= Malik Gaisin =

Russian politician (born 1959)

Malik Favzaviyevich Gaisin (Ма́лик Фавзавиевич Га́йсин; born 26 February 1959, in Sverdlovsk) is a Russian entrepreneur and politician from Urals. He holds, or held, stakes in many major ventures in the region. In the past (1995–2000) he served as member of State Duma of the Russian Federation.

== Biography ==
In the end of 1980s he founded one of the first private businesses in Sverdlovsk that transformed into a limited company specializing in buying vouchers. Later Gaisin through this company managed to acquire regional agricultural holdings.
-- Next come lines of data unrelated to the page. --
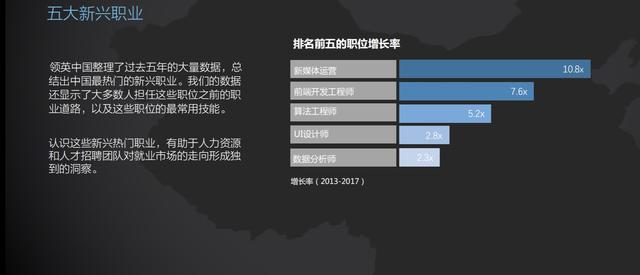 未来最赚钱的5大职业，也是目前中国最缺少的，看看你在其中吗？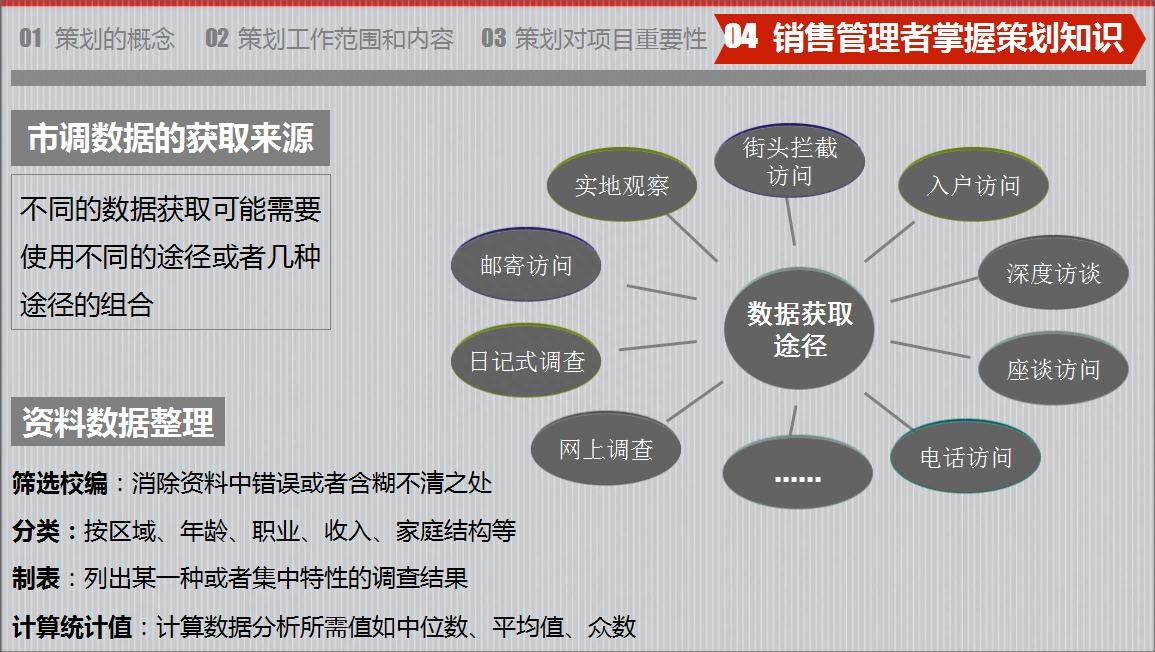 房地產(chǎn)策劃要怎么做？房地產(chǎn)營(yíng)銷(xiāo)策劃成功案例分享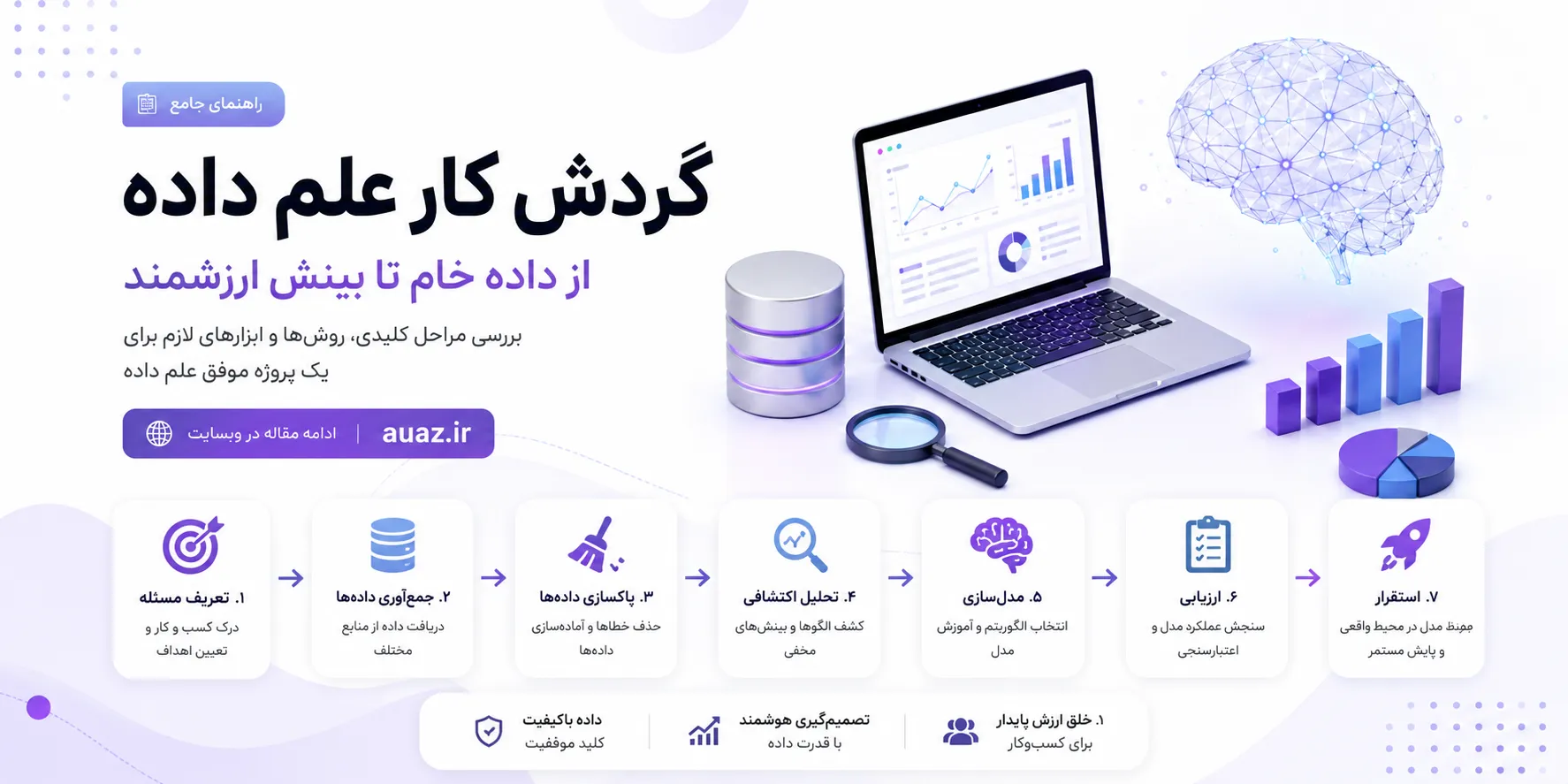 راهنمای جامع گردش‌کارهای علم داده (Data Science Workflows): از داده‌های خام تا تصمیمات استراتژیک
In 2004 claims were published, suggesting that Gaisin owned about 10% industry in the Urals at the time with share packages in more than 100 enterprises.
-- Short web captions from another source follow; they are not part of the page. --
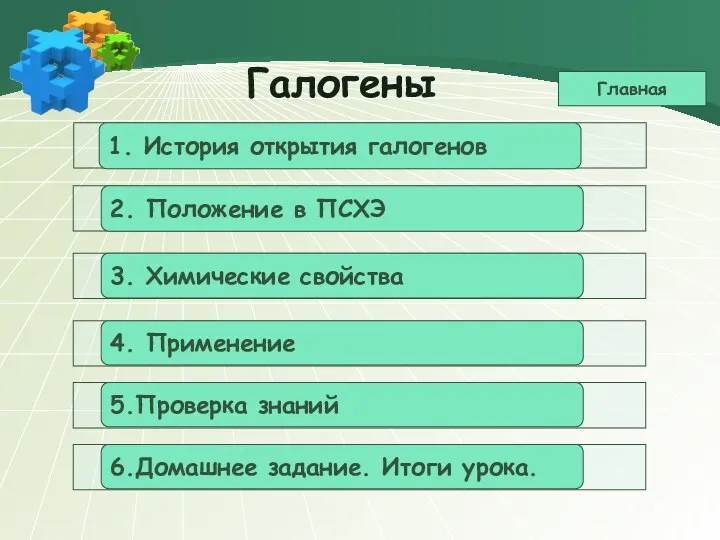 1. История открытия галогенов 2. Положение в ПСХЭ 3. Химические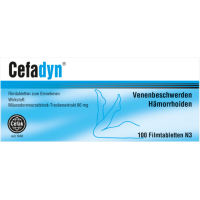 CEFADYN Filmtabletten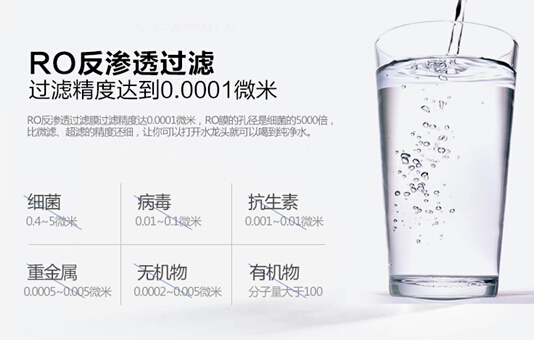 德国奈固重新定义欧式水生活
He was elected State Duma deputy in 1995 at Kamensk-Uralsky electoral district № 163. As a member of parliament, he served in the Duma's Committee on Budget, Taxes, Banks and Finance in Moscow.

He was involved in many operations with industrial stakes in Urals, particularly with shares in the major Yekaterinburg factory Uralhimmash, where he was appointed director in 2008. In 2014 he became head of Kalinin Machine-Building Plant. Latest news reports state that he is currently interested in state-owned bakery business in Beryozovsky, Sverdlovsk Oblast.